▶ _Goal of the exercise_: Repeat each record exactly, skipping the pictures.
*** Data
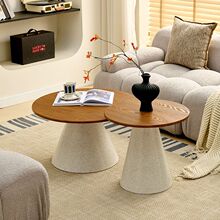 茶桌小户型公寓石纹民宿边几酒店客房茶几风麻组合客厅圆形原木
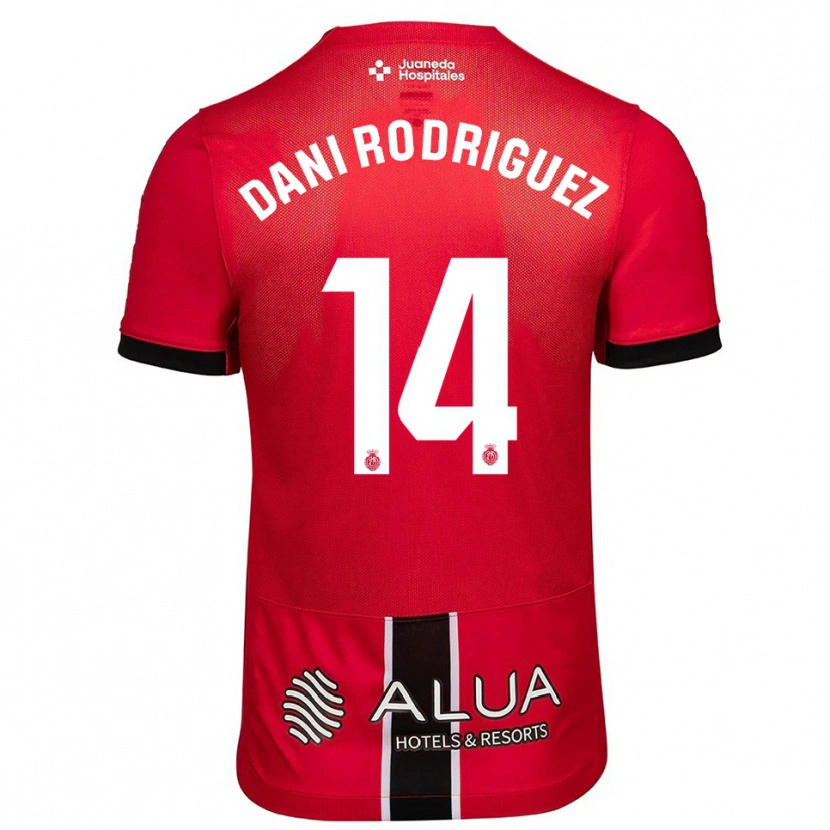 Danxen Barn Dani Rodríguez #14 Röd Svart Hemmatröja Matchtröjor 2025/26 Tröjor T-Tröja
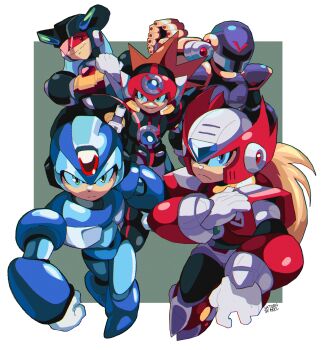 5boys absurdres armor axl_(mega_man) black_armor black_helmet blonde_hair blue_armor blue_eyes blue_helmet border chest_jewel dragon_ball dragon_ball_super dynamo_(mega_man) forehead_jewel full_body green_background green_eyes helmet highres long_hair mega_man_(series) mega_man_x_(series) multiple_boys purple_armor purple_helmet red_armor red_helmet saturnserkel simple_background vile_(mega_man) white_border x_(mega_man) zero_(mega_man)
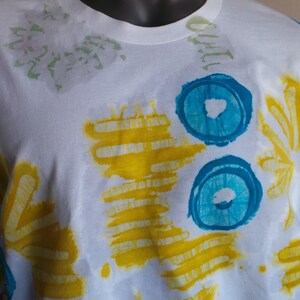 Hand Made Batik Tee shirt, One of a Kind Batik Round Neck Tee Shirt. Turquoise and Yellow on White Batik Tee Shirt. DABTS024 image 7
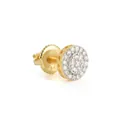 Round S925 silver stud earring with full zirconia in gold finish for men's hip hop style - Single (Two-tone Circular Style 4) / 925 Silver / Gold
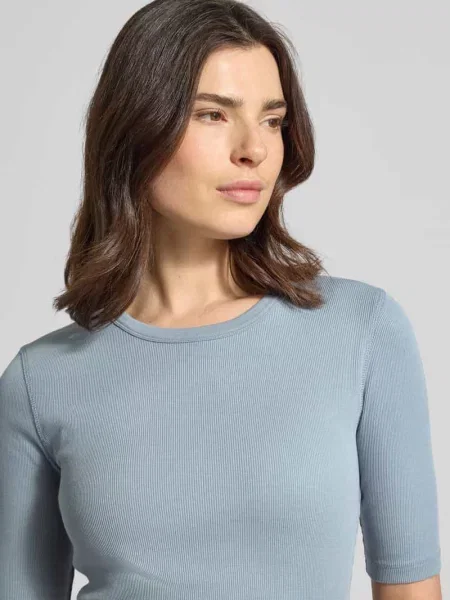 Bluzka z długim rękawem o kroju regular fit z okrągłym dekoltem Model Selay' Drykorn błękitna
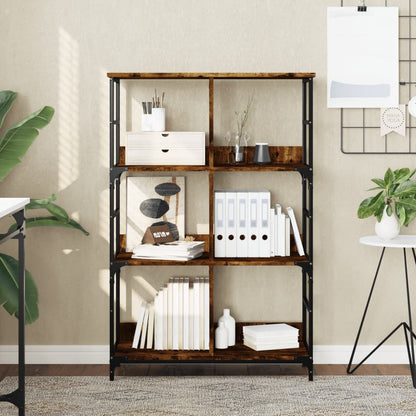 vidaXL Bookshelf Smoked Oak 78.5x33x117.5 cm Engineered Wood 1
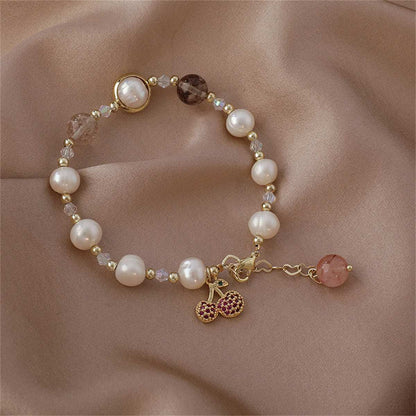 Strawberry Crystal & Pearl Goldtone Cherry Charm Bracelet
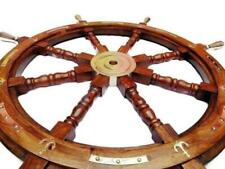 36'' Nautical marine wooden ship steering wheel brass anchor pirate wall decor picture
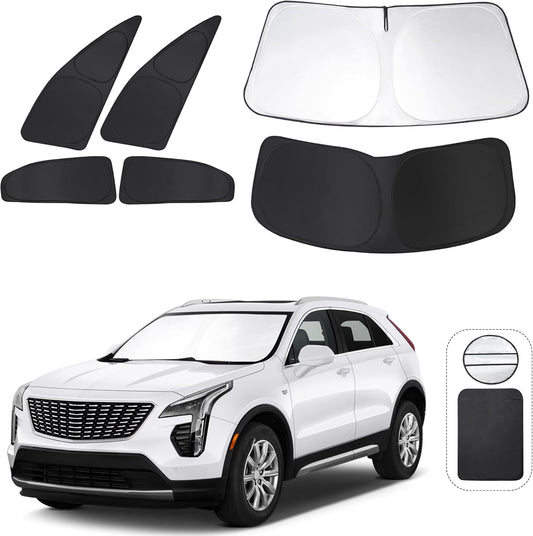 TINGLU Window Shades for Cadillac XT4 2019-2024 2025 Accessories Car Side Full Windows Windshield Sun Shade Sun UV Rays & Privacy Protection for Camping,Napping,and Relaxing 6PCS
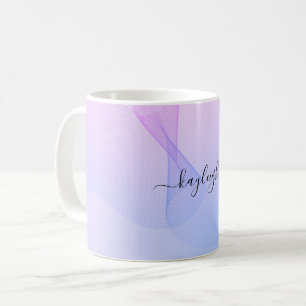 Abstrakte Wavelines Pink Blue Kaffee Tasse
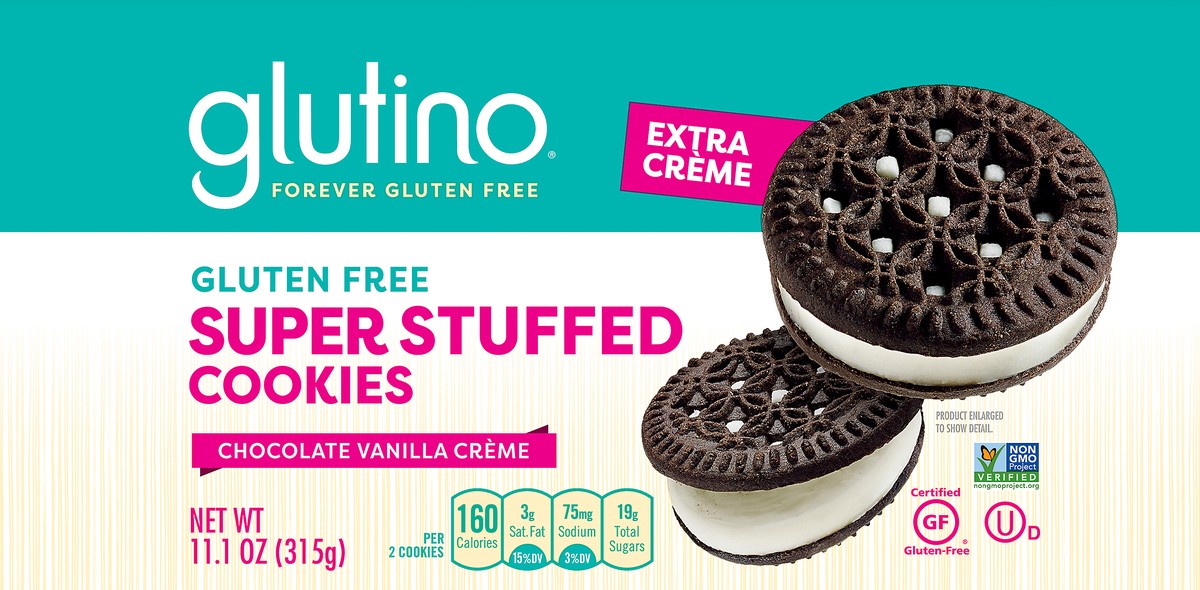 slide 1 of 5, GLUTINO Super Stuffed Chocolate Vanilla Creme Cookies, 11.1 oz, 11.1 oz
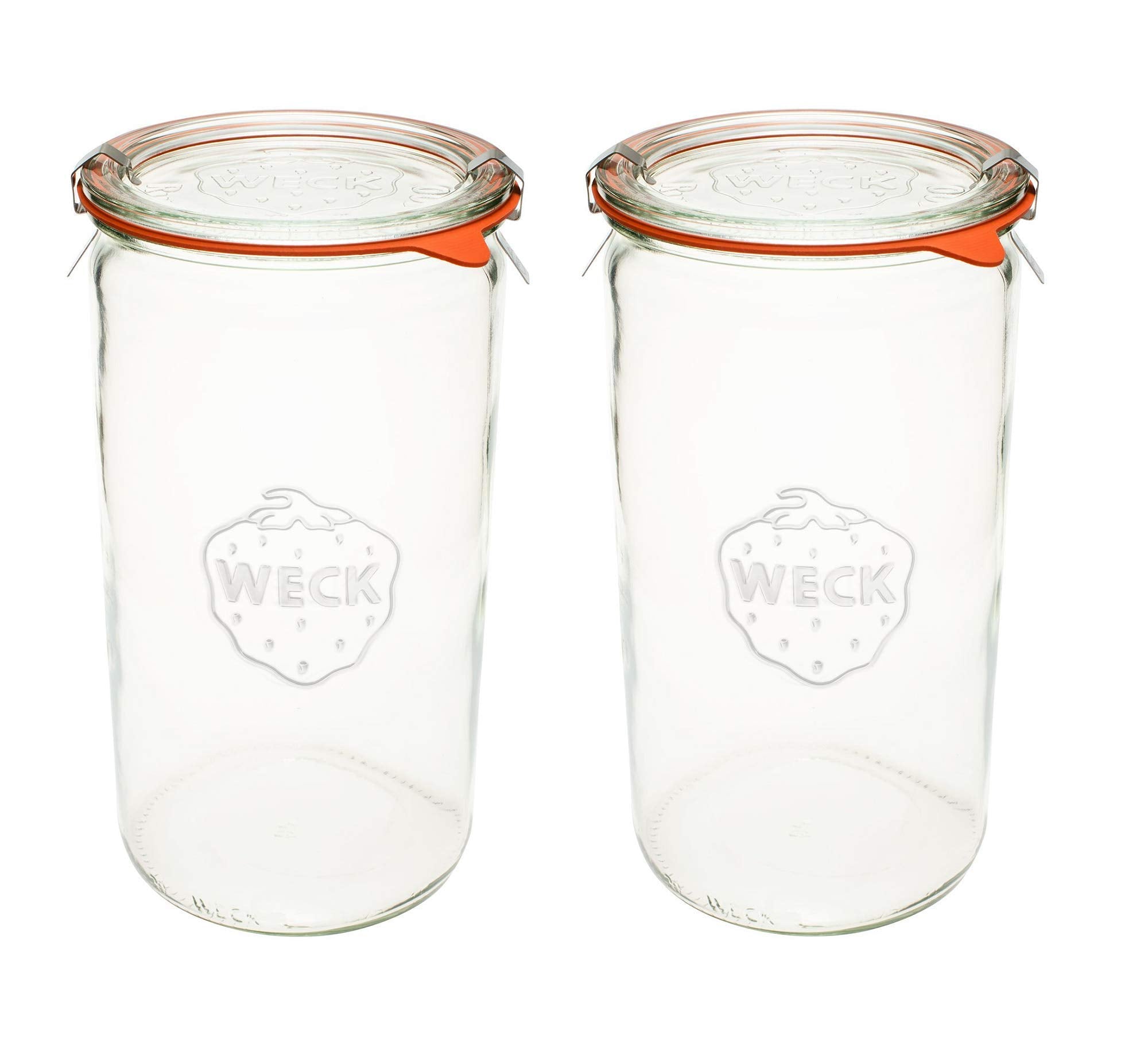 WECK front view of two 1.5L jars showing clear glass and airtight seal benefit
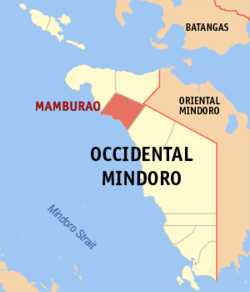 Mapa ng Occidental Mindoro na nagpapakita sa lokasyon ng Mamburao.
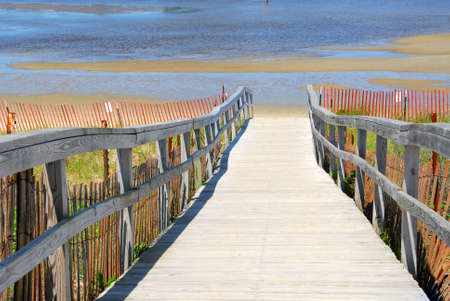 Wooden path over sand dunes with beach viewの写真素材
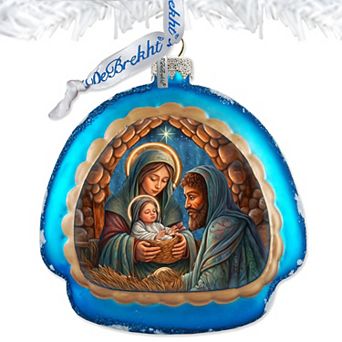 Holy Family Rainbow Glass Ornament by G. Debrekht - Nativity Holiday Decor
******
▶ _Answer section_:
 茶桌小户型公寓石纹民宿边几酒店客房茶几风麻组合客厅圆形原木
 Danxen Barn Dani Rodríguez #14 Röd Svart Hemmatröja Matchtröjor 2025/26 Tröjor T-Tröja
 5boys absurdres armor axl_(mega_man) black_armor black_helmet blonde_hair blue_armor blue_eyes blue_helmet border chest_jewel dragon_ball dragon_ball_super dynamo_(mega_man) forehead_jewel full_body green_background green_eyes helmet highres long_hair mega_man_(series) mega_man_x_(series) multiple_boys purple_armor purple_helmet red_armor red_helmet saturnserkel simple_background vile_(mega_man) white_border x_(mega_man) zero_(mega_man)
 Hand Made Batik Tee shirt, One of a Kind Batik Round Neck Tee Shirt. Turquoise and Yellow on White Batik Tee Shirt. DABTS024 image 7
 Round S925 silver stud earring with full zirconia in gold finish for men's hip hop style - Single (Two-tone Circular Style 4) / 925 Silver / Gold
 Bluzka z długim rękawem o kroju regular fit z okrągłym dekoltem Model Selay' Drykorn błękitna
 vidaXL Bookshelf Smoked Oak 78.5x33x117.5 cm Engineered Wood 1
 Strawberry Crystal & Pearl Goldtone Cherry Charm Bracelet
 36'' Nautical marine wooden ship steering wheel brass anchor pirate wall decor picture
 TINGLU Window Shades for Cadillac XT4 2019-2024 2025 Accessories Car Side Full Windows Windshield Sun Shade Sun UV Rays & Privacy Protection for Camping,Napping,and Relaxing 6PCS
 Abstrakte Wavelines Pink Blue Kaffee Tasse
 slide 1 of 5, GLUTINO Super Stuffed Chocolate Vanilla Creme Cookies, 11.1 oz, 11.1 oz
 WECK front view of two 1.5L jars showing clear glass and airtight seal benefit
 Mapa ng Occidental Mindoro na nagpapakita sa lokasyon ng Mamburao.
 Wooden path over sand dunes with beach viewの写真素材
 Holy Family Rainbow Glass Ornament by G. Debrekht - Nativity Holiday Decor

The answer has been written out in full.